## Saved entries

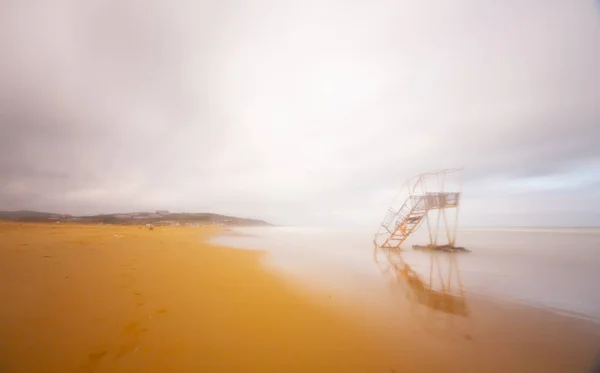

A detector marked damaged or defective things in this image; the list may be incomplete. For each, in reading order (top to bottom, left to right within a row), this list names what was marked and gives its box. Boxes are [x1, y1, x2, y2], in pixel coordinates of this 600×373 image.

rusty lifeguard tower [372, 169, 466, 316]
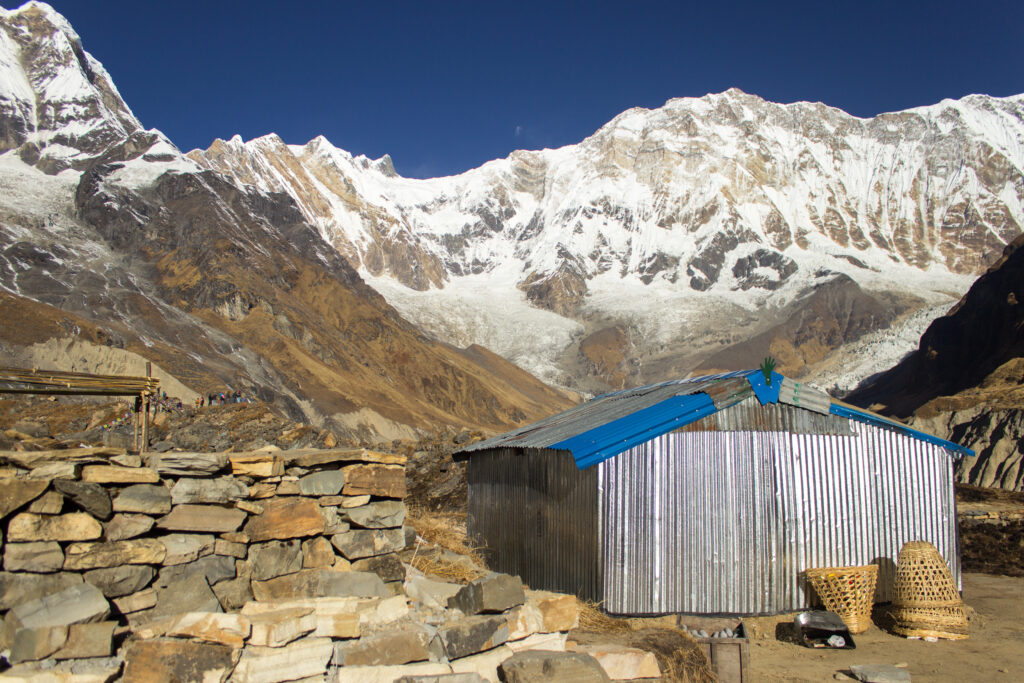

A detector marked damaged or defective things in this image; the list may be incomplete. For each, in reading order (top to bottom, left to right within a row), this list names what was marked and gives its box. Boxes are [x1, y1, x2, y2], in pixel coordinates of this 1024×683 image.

rusty metal wall panel [466, 448, 598, 598]
rusty metal wall panel [598, 409, 962, 618]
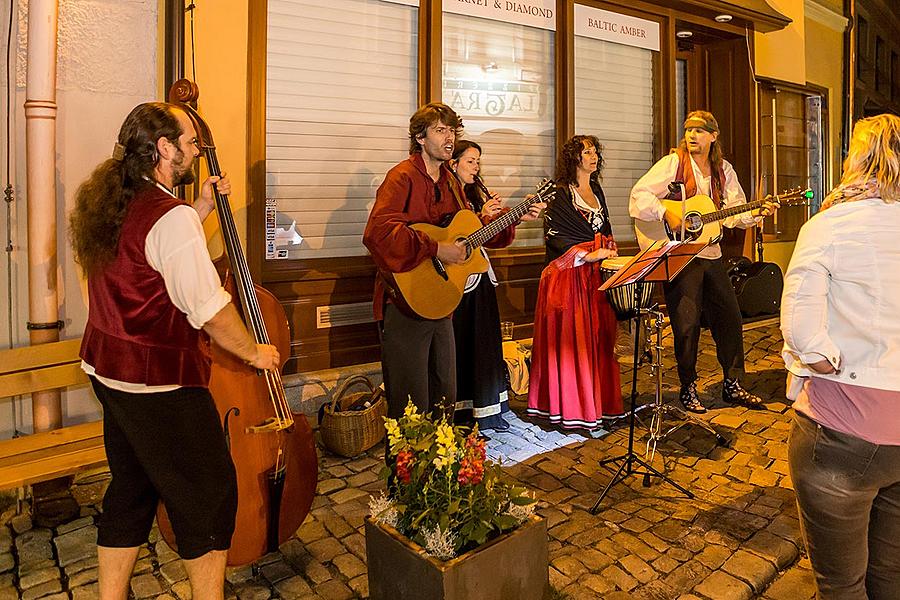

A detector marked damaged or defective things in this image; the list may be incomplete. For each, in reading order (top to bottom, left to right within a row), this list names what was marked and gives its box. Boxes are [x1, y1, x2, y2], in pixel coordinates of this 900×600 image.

rusted metal planter [366, 512, 548, 596]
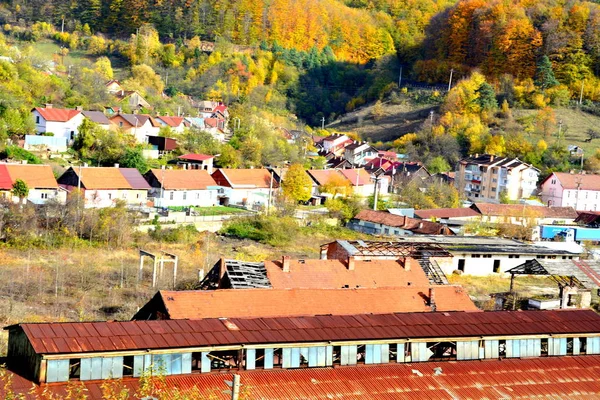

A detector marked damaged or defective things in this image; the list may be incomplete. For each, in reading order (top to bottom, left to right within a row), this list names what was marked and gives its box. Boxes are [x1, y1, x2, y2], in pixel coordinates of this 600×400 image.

rusty corrugated metal roof [9, 308, 600, 354]
rusty corrugated metal roof [9, 356, 600, 396]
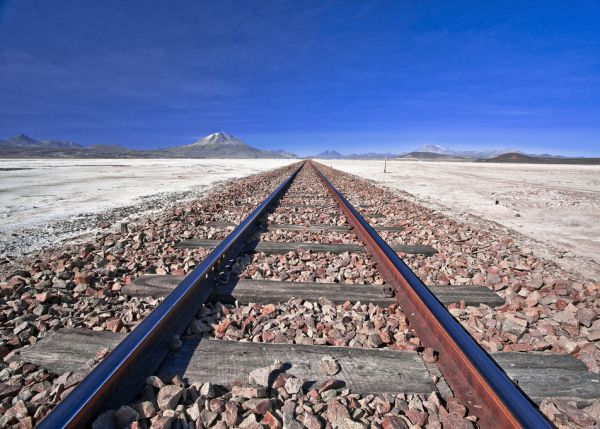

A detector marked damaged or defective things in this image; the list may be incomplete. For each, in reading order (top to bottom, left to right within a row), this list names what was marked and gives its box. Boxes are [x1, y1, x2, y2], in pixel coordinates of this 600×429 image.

rusty rail track [38, 160, 548, 428]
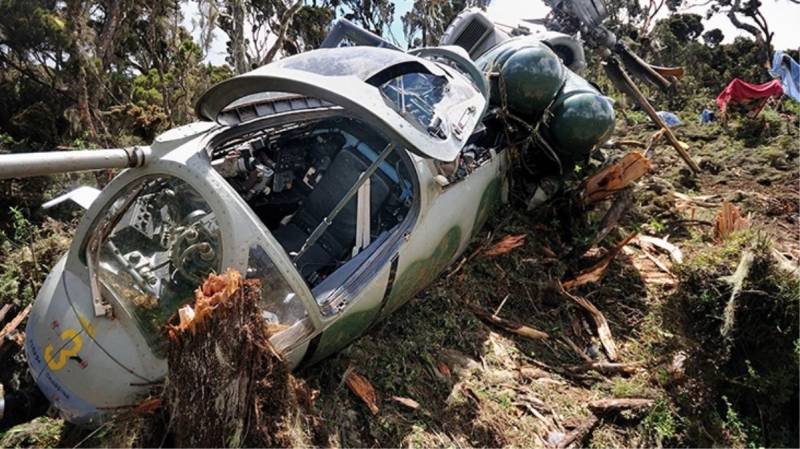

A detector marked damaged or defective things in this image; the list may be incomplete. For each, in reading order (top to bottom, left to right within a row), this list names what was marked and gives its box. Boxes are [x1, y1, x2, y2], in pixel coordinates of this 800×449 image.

shattered windshield [88, 175, 222, 354]
crashed helicopter [0, 5, 636, 422]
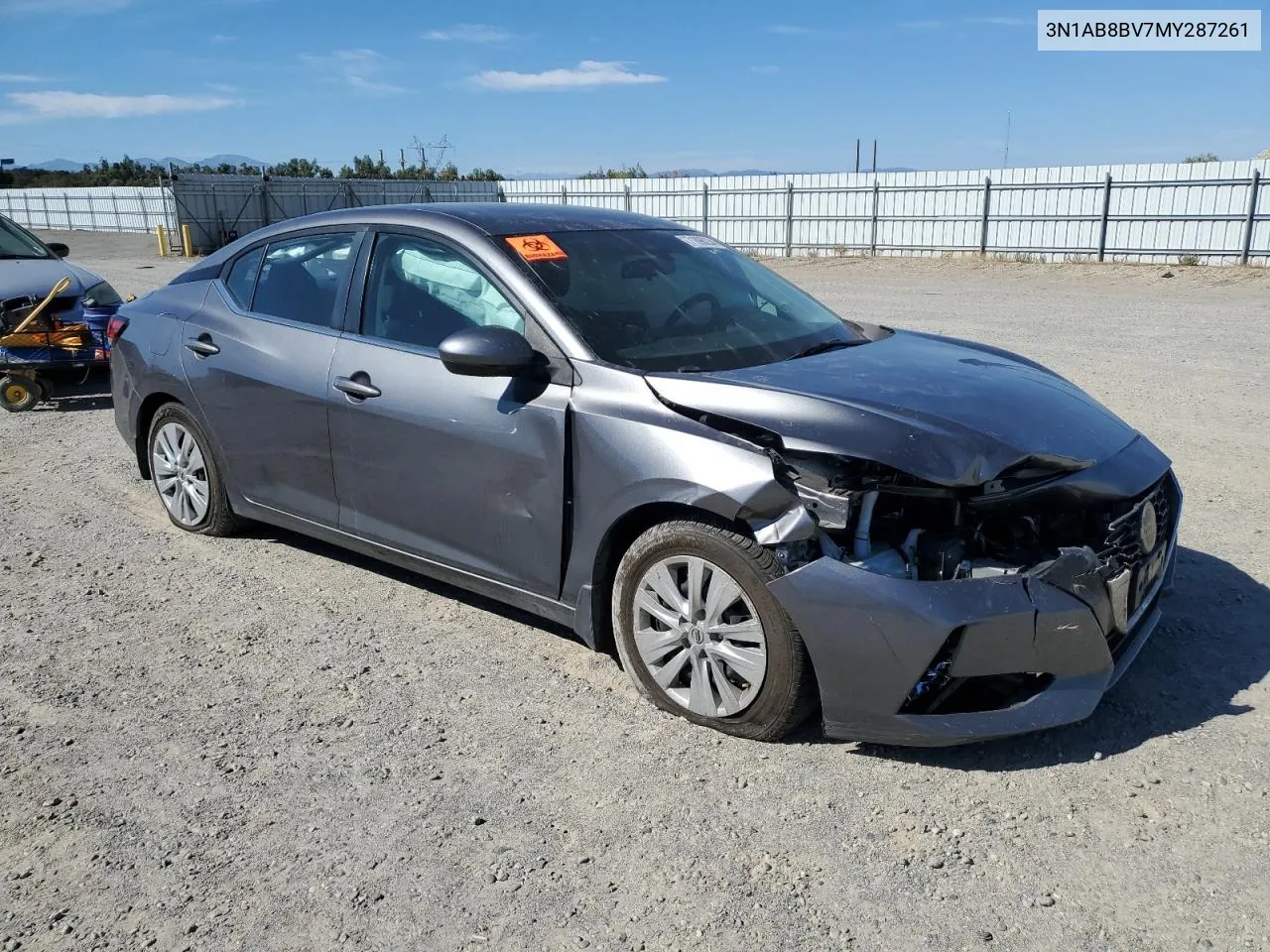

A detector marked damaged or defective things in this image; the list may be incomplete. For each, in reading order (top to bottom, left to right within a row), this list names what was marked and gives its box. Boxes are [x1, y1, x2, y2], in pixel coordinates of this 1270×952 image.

damaged gray sedan [109, 206, 1183, 746]
crumpled hood [651, 329, 1135, 492]
crushed front end [754, 436, 1183, 746]
broken headlight area [762, 450, 1183, 591]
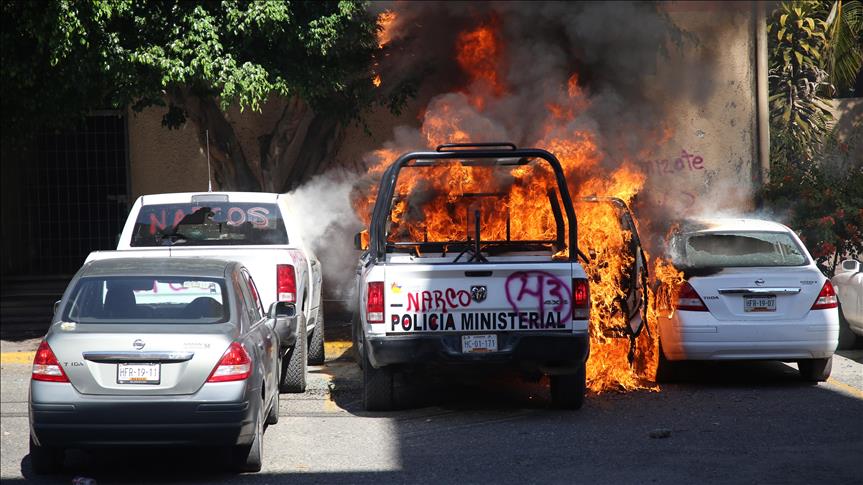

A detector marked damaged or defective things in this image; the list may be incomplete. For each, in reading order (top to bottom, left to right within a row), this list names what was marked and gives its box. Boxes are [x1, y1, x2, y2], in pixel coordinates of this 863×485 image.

burnt truck body [352, 143, 592, 408]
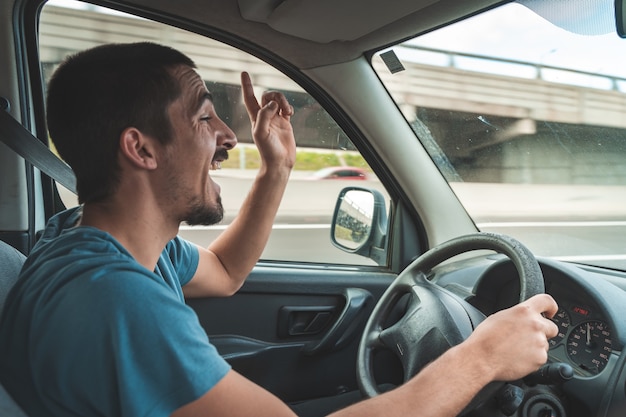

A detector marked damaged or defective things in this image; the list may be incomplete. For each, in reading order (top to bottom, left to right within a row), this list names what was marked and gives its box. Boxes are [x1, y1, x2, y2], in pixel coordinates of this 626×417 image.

cracked windshield [372, 0, 620, 270]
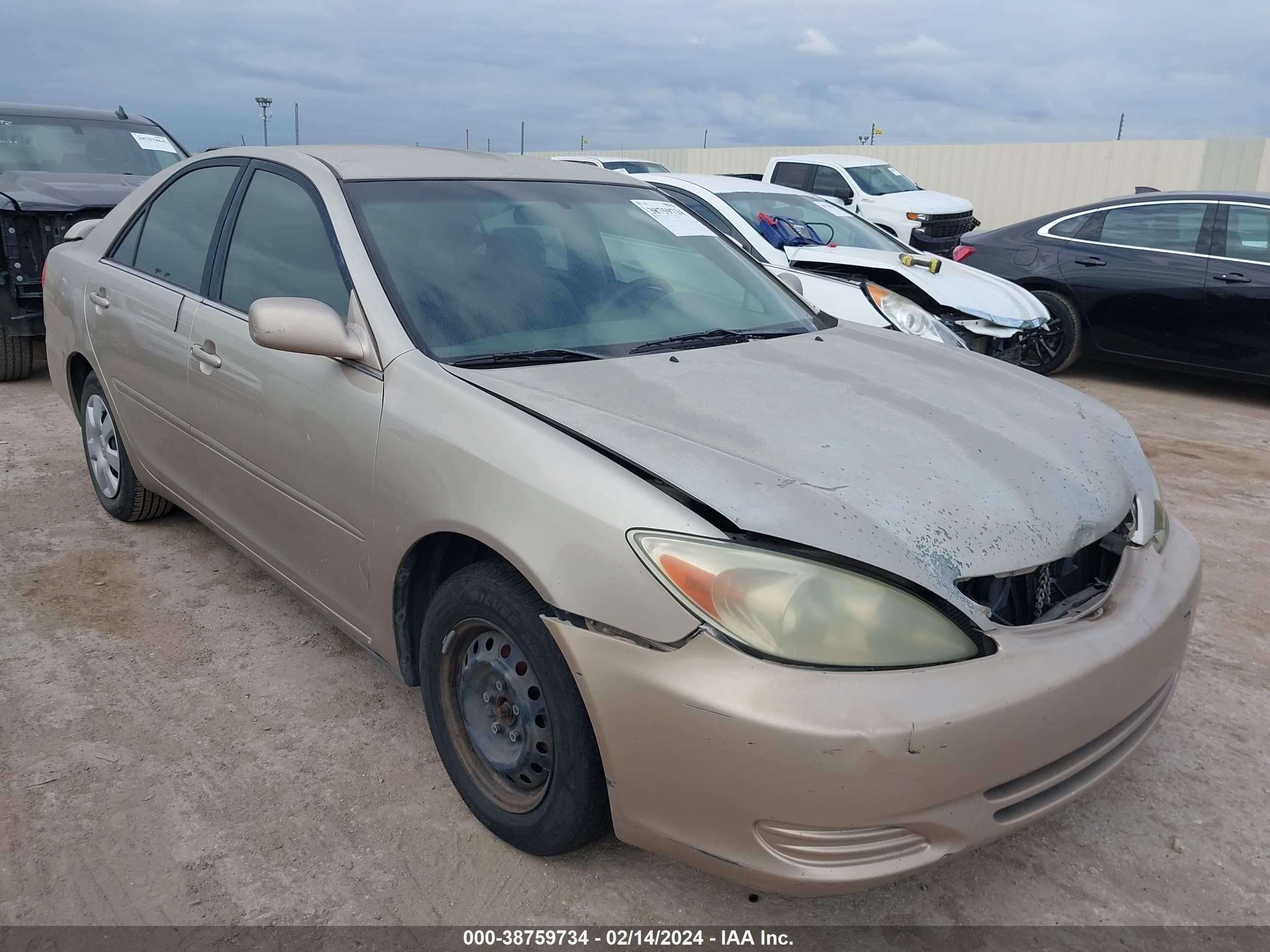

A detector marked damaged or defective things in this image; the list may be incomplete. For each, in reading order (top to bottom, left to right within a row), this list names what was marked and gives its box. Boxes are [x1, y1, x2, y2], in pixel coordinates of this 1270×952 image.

damaged white car [639, 173, 1049, 359]
front bumper damage [544, 516, 1199, 899]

## Your goal
From the line that includes "this 863×485 image." on down to the last line of the entries above, set down each line exactly, leaving out the pictures.

## Task response
A detector marked damaged or defective things in this image; the list may be incomplete. For each, in reading order (top to bottom, left to right within a row), this list names what was marked and gives its box. Boxes are [x1, y1, x2, y2], in pixel coordinates of this 863×485 image.

burnt truck body [352, 143, 592, 408]

A detector marked damaged or defective things in this image; the list may be incomplete. For each, in reading order (top to bottom, left to right within a row), this list names what was marked and gives its box. Boxes are [x1, y1, x2, y2], in pixel coordinates of this 626×417 image.

cracked windshield [372, 0, 620, 270]

A detector marked damaged or defective things in this image; the list may be incomplete. For each, in reading order (top to bottom, left to right within a row), this list names what was marked and gives its box. Boxes are [x1, y1, x2, y2], in pixel coordinates of this 1270×952 image.

damaged white car [639, 173, 1049, 359]
front bumper damage [544, 516, 1199, 899]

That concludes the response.